# Dataset extract
==*==

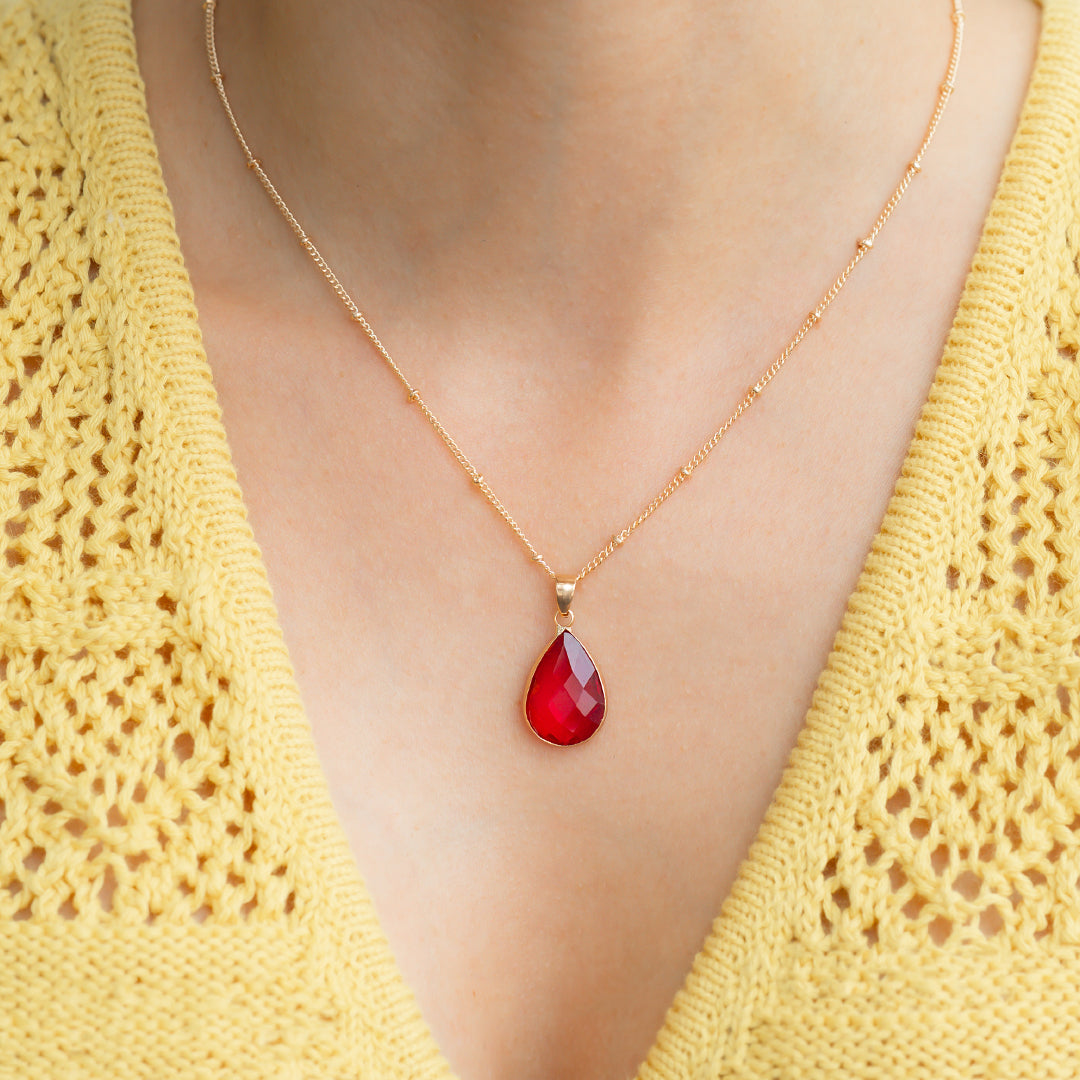 mint and lily birth flower necklace Birthstone Drop Necklace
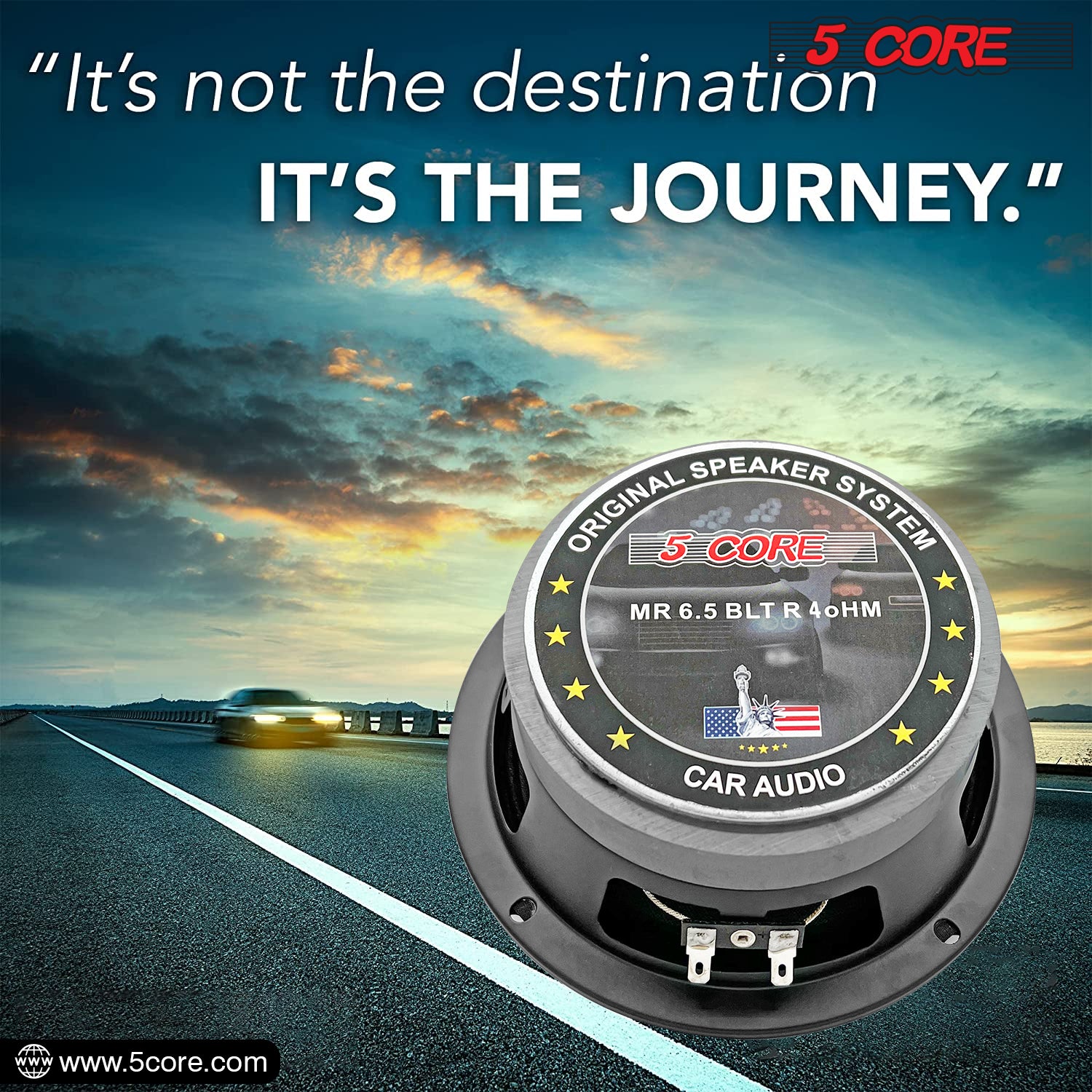 5 Core 6.5 Inch Midrange Door Speaker and Tweeter Combo showcasing sleek design and powerful audio capabilities.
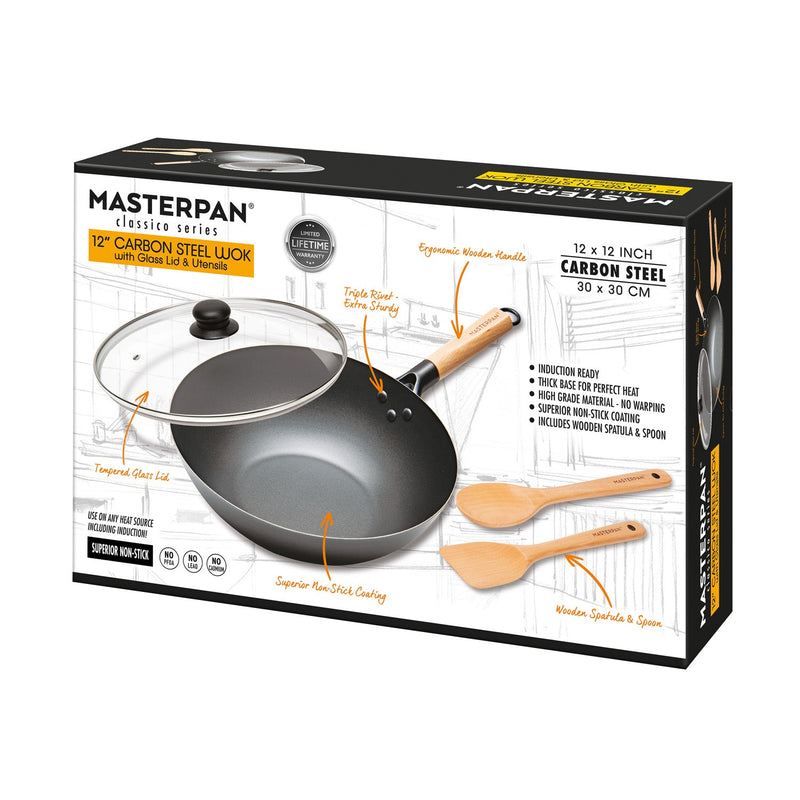 MASTERPAN Nonstick Carbon Steel Wok with Glass Lid & Wooden Utensils, 12" (30cm)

==*==

# What you are asked to do
Write out each line of the data exactly; the images should be left out.

# Result of this exercise
 mint and lily birth flower necklace Birthstone Drop Necklace
 5 Core 6.5 Inch Midrange Door Speaker and Tweeter Combo showcasing sleek design and powerful audio capabilities.
 MASTERPAN Nonstick Carbon Steel Wok with Glass Lid & Wooden Utensils, 12" (30cm)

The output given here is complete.